%%

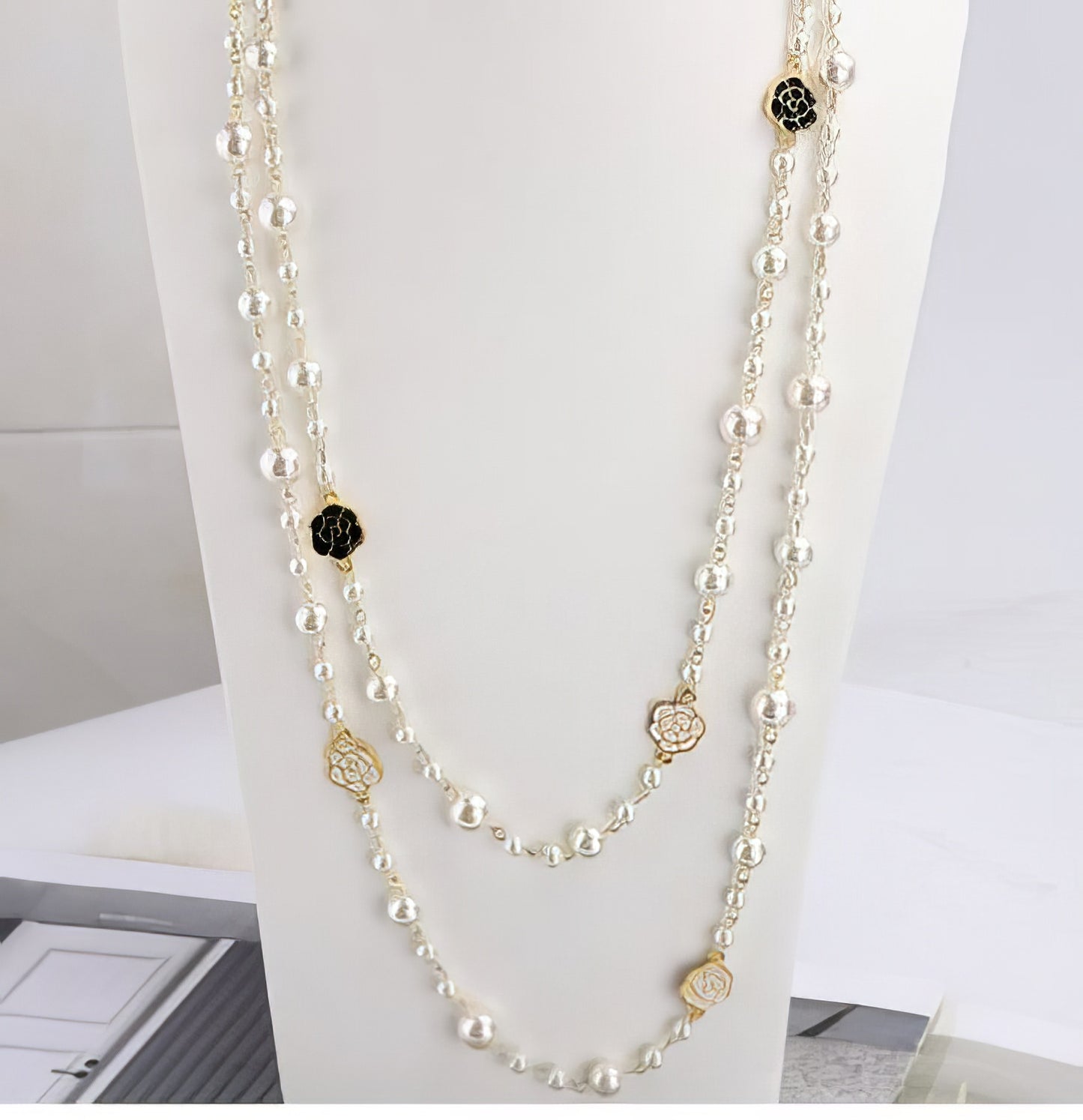 Long Camellia Flower Pearl Double Layer Necklace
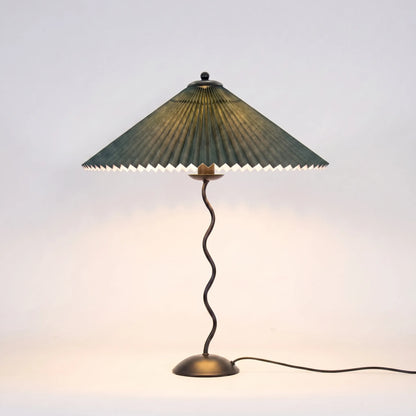 Wavy-Base Pleated Shade Table Lamp -  Waverly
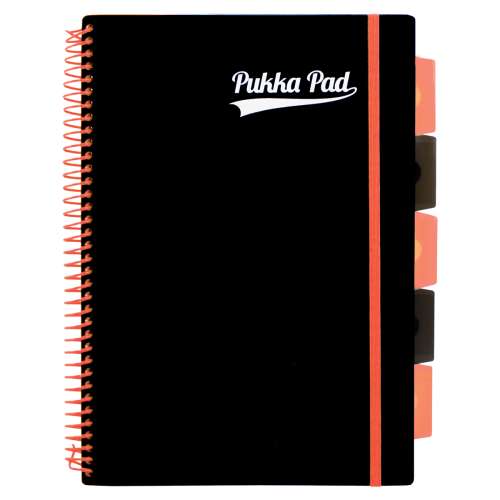 Pukka Pad Kołozeszyt PP Neon Black A4 pomarańczowy kratka Pukka Pad Kołozeszyt PP Neon Black A4 pomarańczowy kratka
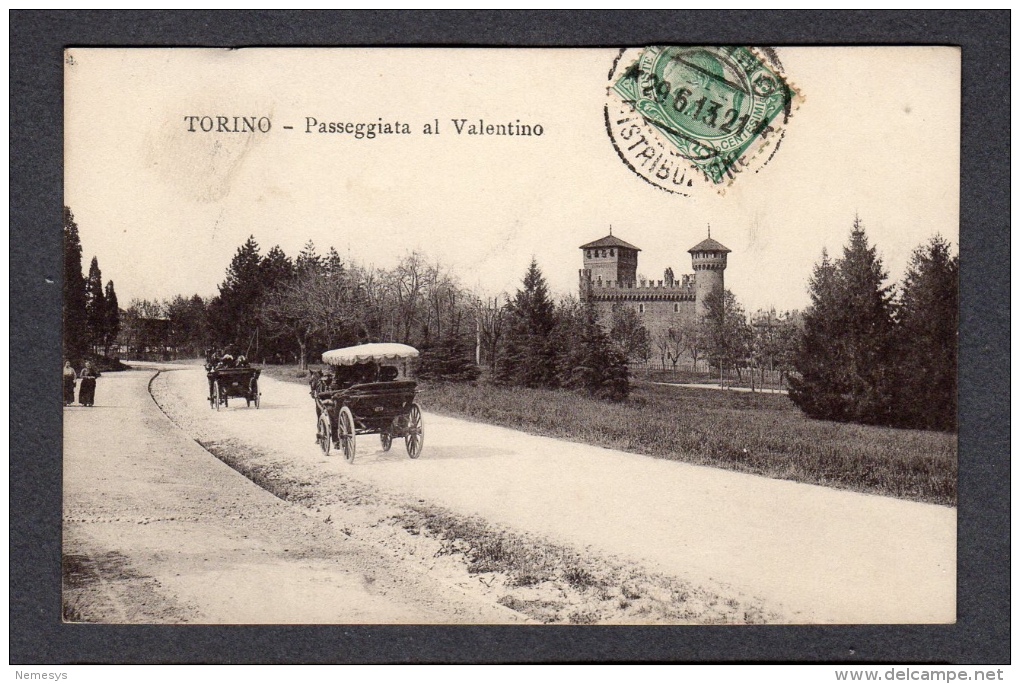 1913 TORINO PASSEGGIATA AL VALENTINO FP V SEE 2 SCANS ANIMATA CARROZZE - Parcs & Jardins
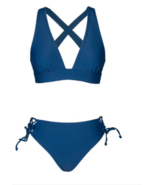 Lace Up Mid Waist Bikini Sets Swimsuit For Women Black Longline Tall Tri... - $29.35 CAD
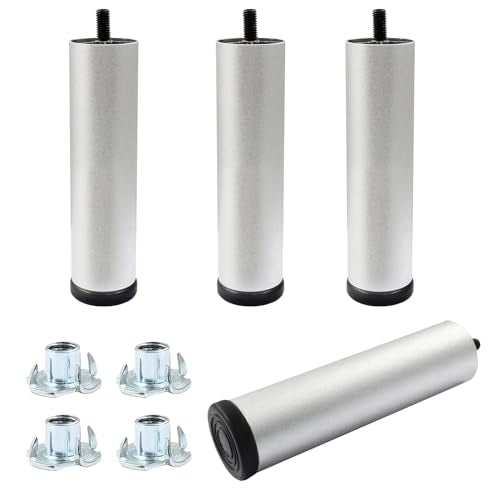 Murtenze 4 PCS 6 Inch Metal Furniture Legs, Silver - color: Silver, size: 6 inch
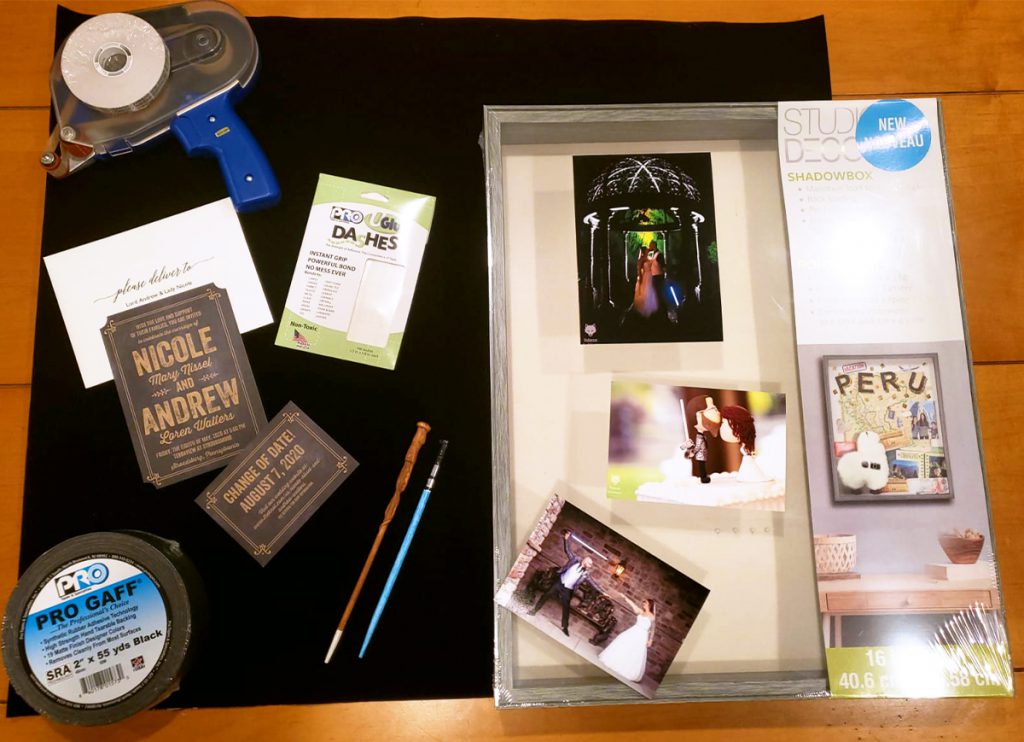 Gather your supplies together for the shadow box frame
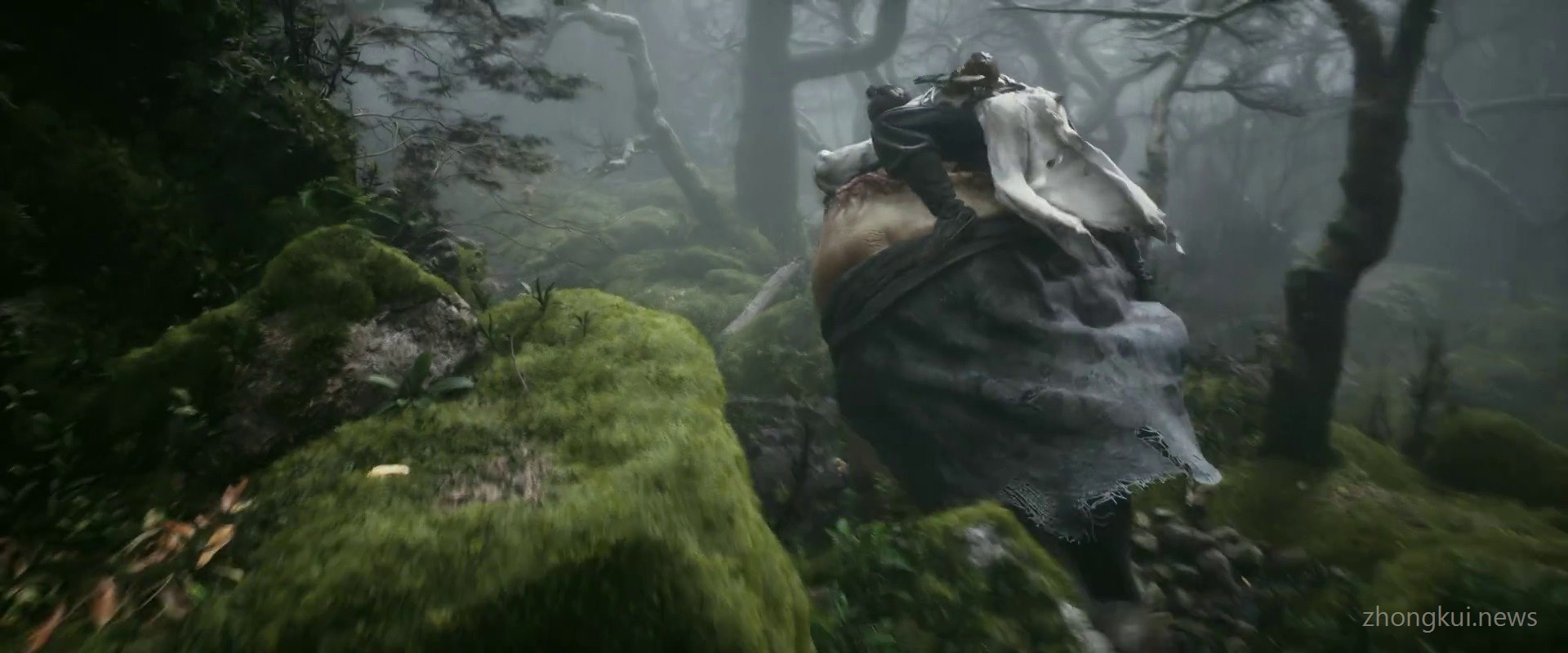 The swordsman riding a large stitched, headless creature through a mossy forest
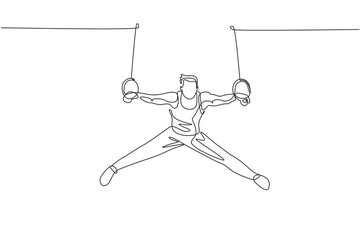 One continuous line drawing of young man exercising steady rings at gymnastic. Gymnast athlete in leotard. Healthy sport and active concept. Dynamic single line draw design vector illustration graphic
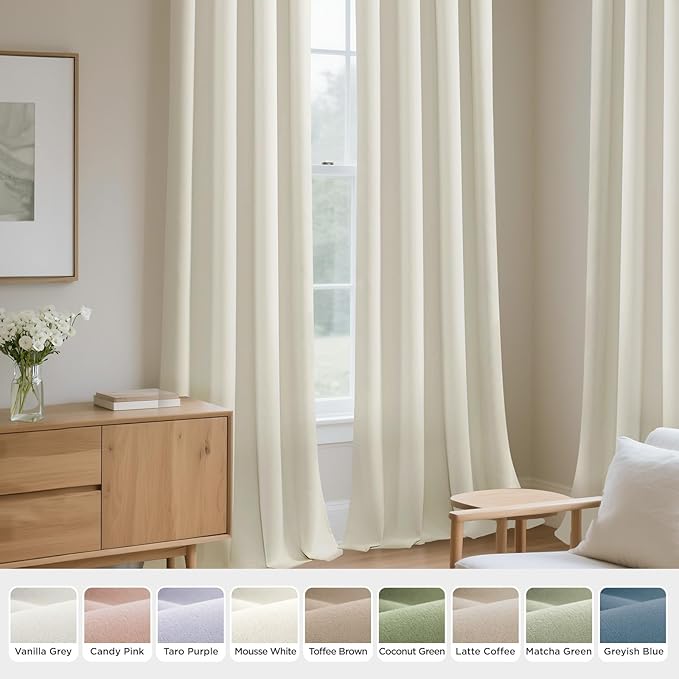 Joydeco White Velvet Curtains 90 Inches 2 Panels, Luxury Thermal Insulated Soft White Curtains for Bedroom & Living Room, Room Darkening Velvet Drapes, Rod Pocket (52W x 90L)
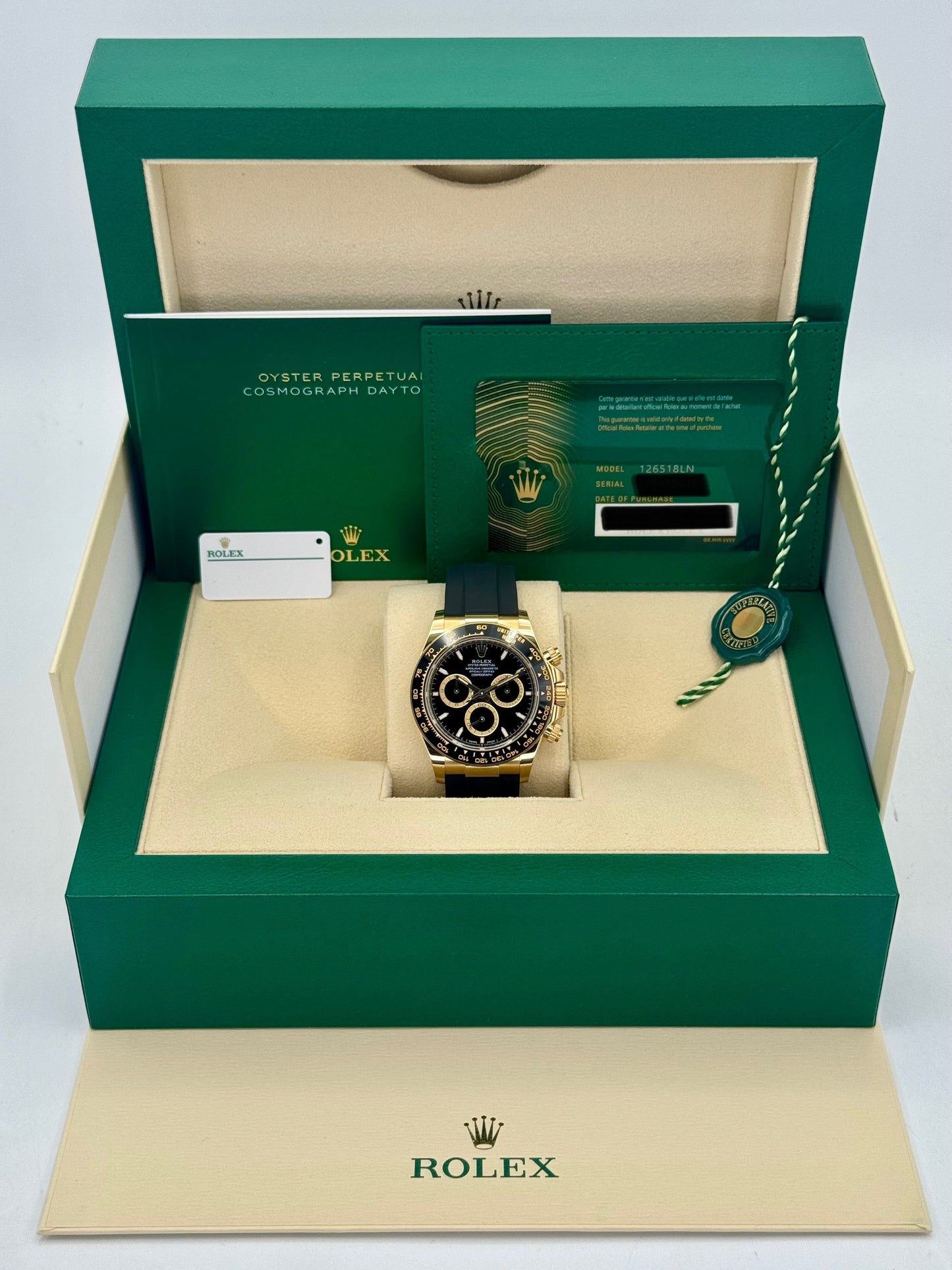 NEW 2024 Rolex Daytona 40mm 126518LN Yellow Gold Oysterflex Black Dial - MyWatchLLC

%%

▶ [EXERCISE BRIEF] Leave out the pictures and repeat exactly the lines from the one containing "Murtenze 4 PCS" through the last line of the entries.

▶ [PROBLEM SOLUTION]
 Murtenze 4 PCS 6 Inch Metal Furniture Legs, Silver - color: Silver, size: 6 inch
 Gather your supplies together for the shadow box frame
 The swordsman riding a large stitched, headless creature through a mossy forest
 One continuous line drawing of young man exercising steady rings at gymnastic. Gymnast athlete in leotard. Healthy sport and active concept. Dynamic single line draw design vector illustration graphic
 Joydeco White Velvet Curtains 90 Inches 2 Panels, Luxury Thermal Insulated Soft White Curtains for Bedroom & Living Room, Room Darkening Velvet Drapes, Rod Pocket (52W x 90L)
 NEW 2024 Rolex Daytona 40mm 126518LN Yellow Gold Oysterflex Black Dial - MyWatchLLC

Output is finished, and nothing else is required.